*RECORDS FOR THIS EXERCISE*:
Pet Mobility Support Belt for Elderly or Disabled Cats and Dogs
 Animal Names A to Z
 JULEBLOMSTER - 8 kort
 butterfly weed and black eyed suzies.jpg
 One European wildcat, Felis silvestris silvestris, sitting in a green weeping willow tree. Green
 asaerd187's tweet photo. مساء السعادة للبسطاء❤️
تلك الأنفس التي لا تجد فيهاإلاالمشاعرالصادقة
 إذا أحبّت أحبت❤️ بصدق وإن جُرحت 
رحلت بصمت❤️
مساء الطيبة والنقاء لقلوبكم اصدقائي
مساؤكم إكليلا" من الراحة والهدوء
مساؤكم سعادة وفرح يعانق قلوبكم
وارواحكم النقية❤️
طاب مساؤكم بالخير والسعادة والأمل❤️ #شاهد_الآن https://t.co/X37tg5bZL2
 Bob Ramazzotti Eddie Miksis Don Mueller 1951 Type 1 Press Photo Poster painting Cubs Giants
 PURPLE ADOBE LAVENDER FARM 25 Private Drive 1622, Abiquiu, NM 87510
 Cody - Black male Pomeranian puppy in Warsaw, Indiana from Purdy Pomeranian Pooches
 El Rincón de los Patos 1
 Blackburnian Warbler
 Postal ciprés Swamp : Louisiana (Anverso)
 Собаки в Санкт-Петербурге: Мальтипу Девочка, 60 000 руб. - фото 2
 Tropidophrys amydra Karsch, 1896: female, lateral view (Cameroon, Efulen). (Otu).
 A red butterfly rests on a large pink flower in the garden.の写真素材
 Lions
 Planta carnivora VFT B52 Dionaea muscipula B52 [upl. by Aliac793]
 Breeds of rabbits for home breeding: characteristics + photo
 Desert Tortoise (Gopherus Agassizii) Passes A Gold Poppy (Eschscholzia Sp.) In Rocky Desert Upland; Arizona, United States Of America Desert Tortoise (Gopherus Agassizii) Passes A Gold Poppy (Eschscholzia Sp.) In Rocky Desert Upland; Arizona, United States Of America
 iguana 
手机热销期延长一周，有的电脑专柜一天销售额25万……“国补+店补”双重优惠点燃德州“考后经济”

*WHAT YOU HAVE TO DO*:
From the first line of the listing above through the line that contains "Собаки в Санкт-Петербурге: Мальтипу", retype every line exactly, and write nothing else.

*RESPONSE TO THE EXERCISE*:
Pet Mobility Support Belt for Elderly or Disabled Cats and Dogs
 Animal Names A to Z
 JULEBLOMSTER - 8 kort
 butterfly weed and black eyed suzies.jpg
 One European wildcat, Felis silvestris silvestris, sitting in a green weeping willow tree. Green
 asaerd187's tweet photo. مساء السعادة للبسطاء❤️
تلك الأنفس التي لا تجد فيهاإلاالمشاعرالصادقة
 إذا أحبّت أحبت❤️ بصدق وإن جُرحت 
رحلت بصمت❤️
مساء الطيبة والنقاء لقلوبكم اصدقائي
مساؤكم إكليلا" من الراحة والهدوء
مساؤكم سعادة وفرح يعانق قلوبكم
وارواحكم النقية❤️
طاب مساؤكم بالخير والسعادة والأمل❤️ #شاهد_الآن https://t.co/X37tg5bZL2
 Bob Ramazzotti Eddie Miksis Don Mueller 1951 Type 1 Press Photo Poster painting Cubs Giants
 PURPLE ADOBE LAVENDER FARM 25 Private Drive 1622, Abiquiu, NM 87510
 Cody - Black male Pomeranian puppy in Warsaw, Indiana from Purdy Pomeranian Pooches
 El Rincón de los Patos 1
 Blackburnian Warbler
 Postal ciprés Swamp : Louisiana (Anverso)
 Собаки в Санкт-Петербурге: Мальтипу Девочка, 60 000 руб. - фото 2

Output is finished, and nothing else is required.